DESPITE these uncertain and unprecedented times my work as an MSP continues – though like everyone else I’m having to make significant personal changes.

I’m currently self-isolating at home as a family member had some viral symptoms last week and it’s made me re-evaluate a lot of things.

I’m trying to properly re-balance the needs of my family with work, while needing to rely on my neighbours a bit more. I’m also having to work harder to communicate remotely with colleagues and constituents.

There is also a realisation that this is just the beginning and that we may in turn need to do our share to help those around us in the weeks and months to come. We may also need to do this all over again if the advice changes or if we show any new symptoms in the future.

The mood in parliament at the moment is collaborative, supportive and understanding. I’ve attended a lot of meetings remotely this week using meeting apps on my smart phone, which I really recommend. In times like these it is more vital than ever that governments are held to account, but the usual combative style of frontline electoral politics has rightly been put to one side for now.

I have been moved, though unsurprised, by acts of community spirit and solidarity. Places like The Gate Foodbank are continuing their vital work in incredibly hard circumstances, initiatives are being set up to support vulnerable people in isolation and people are reaching out to support their neighbours where they can.

There is undoubtedly a pervasive spirit of generosity in our communities. Foodbanks in particular will be under huge pressure in the weeks to come, it’s important that donations keep flowing of both cash and food.

The flip side of this, however, has been the selfish panic buying in supermarkets. Last weekend the supermarkets had their highest level of profit in recorded history, but surges in panic buying every time there is a new piece of health advice is deeply unhelpful.

From briefings I’ve had with ministers and officials this week, I’m assured that the supply chain for food is stable, it needs to just work through and re-stock shelves to meet the standard daily demand. Some local shops are adapting by providing take-away and delivery services, it’s a good time to support them too.

The situation is changing rapidly and the advice from health professionals may have changed significantly by the time you read this. But it is impossible to overstate how important it is to listen to and follow that advice.

This virus is dangerous and can kill, even if you have no symptoms you could very easily pass it on to someone who will suffer greatly.

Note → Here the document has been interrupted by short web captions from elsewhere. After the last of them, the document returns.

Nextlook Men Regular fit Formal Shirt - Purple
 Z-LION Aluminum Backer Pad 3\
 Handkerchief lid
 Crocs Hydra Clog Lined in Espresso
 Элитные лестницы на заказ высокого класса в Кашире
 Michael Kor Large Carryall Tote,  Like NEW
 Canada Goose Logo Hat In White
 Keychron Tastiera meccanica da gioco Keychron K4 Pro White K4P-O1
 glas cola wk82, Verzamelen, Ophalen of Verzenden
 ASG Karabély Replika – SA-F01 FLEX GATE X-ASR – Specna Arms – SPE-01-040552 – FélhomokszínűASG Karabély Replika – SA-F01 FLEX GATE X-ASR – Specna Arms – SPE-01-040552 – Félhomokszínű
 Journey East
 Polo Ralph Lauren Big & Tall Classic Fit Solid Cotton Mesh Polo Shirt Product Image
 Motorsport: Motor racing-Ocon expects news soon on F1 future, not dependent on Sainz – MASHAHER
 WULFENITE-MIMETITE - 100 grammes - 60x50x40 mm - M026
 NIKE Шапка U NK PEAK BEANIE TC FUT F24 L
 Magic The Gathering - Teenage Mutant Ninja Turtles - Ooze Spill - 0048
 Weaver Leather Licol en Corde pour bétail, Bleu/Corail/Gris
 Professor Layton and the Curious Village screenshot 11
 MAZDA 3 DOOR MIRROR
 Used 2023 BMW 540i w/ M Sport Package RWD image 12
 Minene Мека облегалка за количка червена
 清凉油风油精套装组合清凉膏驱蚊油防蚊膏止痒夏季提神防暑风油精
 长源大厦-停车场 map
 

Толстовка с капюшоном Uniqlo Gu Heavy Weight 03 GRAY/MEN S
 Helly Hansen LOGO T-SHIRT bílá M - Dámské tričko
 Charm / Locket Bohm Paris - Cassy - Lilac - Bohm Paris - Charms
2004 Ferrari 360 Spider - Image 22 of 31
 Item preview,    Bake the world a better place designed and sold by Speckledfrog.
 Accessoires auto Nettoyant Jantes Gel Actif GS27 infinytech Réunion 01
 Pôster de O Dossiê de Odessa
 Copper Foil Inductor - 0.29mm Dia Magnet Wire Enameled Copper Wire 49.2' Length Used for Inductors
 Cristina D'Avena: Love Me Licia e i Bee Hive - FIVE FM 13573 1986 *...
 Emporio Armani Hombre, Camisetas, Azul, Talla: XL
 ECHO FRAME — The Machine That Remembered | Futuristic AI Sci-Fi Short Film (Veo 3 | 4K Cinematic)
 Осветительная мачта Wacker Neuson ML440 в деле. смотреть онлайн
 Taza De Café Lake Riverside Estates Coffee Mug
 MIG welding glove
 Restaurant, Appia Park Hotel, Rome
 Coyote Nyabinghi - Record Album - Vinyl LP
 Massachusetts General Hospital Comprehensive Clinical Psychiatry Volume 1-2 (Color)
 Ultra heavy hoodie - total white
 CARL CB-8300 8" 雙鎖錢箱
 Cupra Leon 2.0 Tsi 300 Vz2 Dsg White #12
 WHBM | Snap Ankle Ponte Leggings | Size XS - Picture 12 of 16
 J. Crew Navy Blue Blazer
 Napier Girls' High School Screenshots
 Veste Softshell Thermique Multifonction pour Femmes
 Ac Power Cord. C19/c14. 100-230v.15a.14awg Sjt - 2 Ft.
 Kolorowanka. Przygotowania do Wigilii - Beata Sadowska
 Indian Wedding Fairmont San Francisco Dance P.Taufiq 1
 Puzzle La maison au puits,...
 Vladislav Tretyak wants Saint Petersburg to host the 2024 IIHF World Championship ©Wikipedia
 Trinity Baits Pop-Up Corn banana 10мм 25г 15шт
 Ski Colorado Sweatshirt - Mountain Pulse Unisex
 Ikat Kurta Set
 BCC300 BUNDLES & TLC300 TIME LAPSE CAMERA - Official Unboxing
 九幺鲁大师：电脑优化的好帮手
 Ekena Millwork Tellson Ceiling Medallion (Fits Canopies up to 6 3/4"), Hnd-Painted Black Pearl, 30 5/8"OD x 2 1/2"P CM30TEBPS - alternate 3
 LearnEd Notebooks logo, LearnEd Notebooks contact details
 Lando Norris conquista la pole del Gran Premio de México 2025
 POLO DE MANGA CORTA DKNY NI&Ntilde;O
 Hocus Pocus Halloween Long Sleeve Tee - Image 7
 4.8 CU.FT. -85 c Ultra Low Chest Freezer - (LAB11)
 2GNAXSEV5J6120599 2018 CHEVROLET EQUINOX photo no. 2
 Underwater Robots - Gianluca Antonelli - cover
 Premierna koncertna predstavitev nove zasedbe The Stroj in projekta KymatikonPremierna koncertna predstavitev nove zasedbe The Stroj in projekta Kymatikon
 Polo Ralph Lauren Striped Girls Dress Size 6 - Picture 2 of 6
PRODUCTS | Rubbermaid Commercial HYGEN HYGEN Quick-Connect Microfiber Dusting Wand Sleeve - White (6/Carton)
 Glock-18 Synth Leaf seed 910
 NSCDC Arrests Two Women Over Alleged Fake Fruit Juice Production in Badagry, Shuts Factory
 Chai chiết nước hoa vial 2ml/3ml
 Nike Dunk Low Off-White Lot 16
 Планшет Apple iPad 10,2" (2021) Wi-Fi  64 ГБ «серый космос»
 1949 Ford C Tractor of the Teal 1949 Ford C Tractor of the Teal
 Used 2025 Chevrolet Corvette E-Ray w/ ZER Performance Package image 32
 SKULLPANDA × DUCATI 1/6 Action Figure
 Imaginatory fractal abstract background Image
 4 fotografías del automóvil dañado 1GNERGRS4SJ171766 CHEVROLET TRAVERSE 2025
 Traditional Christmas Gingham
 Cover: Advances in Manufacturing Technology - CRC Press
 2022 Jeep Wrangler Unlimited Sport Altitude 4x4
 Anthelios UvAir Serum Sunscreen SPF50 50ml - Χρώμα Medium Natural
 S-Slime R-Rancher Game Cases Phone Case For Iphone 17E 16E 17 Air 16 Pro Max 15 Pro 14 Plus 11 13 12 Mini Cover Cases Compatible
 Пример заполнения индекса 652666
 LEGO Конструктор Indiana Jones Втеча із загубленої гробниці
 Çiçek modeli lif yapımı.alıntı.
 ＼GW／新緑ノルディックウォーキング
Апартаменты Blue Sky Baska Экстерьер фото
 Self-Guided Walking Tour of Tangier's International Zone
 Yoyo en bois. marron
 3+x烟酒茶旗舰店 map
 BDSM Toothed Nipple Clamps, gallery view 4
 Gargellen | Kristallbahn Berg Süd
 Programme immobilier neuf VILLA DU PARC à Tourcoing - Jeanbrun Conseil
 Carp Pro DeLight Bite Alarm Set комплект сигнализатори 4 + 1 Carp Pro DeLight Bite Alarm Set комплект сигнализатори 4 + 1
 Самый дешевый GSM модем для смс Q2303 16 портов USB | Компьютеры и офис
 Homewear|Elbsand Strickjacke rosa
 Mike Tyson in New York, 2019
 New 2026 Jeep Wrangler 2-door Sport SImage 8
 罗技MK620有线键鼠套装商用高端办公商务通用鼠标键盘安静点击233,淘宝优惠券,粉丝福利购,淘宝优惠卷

This means following guidance on social distancing, isolation and cleanliness is utterly essential if we are to have an effective response to the crisis.

Current health restrictions are undoubtedly having a serious effect on businesses and some employees are finding themselves out of work at the worst possible time. It’s vital that there is financial support put in place for all workers to receive a wage regardless of whether they are self-employed, on zero hours contracts or in full employment.

Both governments are piecing together financial support packages for individuals and businesses which are becoming more comprehensive as the days go by.

If you are in vulnerable circumstances and feel you are slipping through the safety net then I would especially like to hear from you. Please do not hesitate to get in touch via

There are difficult months ahead, but with mutual support and solidarity we may just come out of this closer together.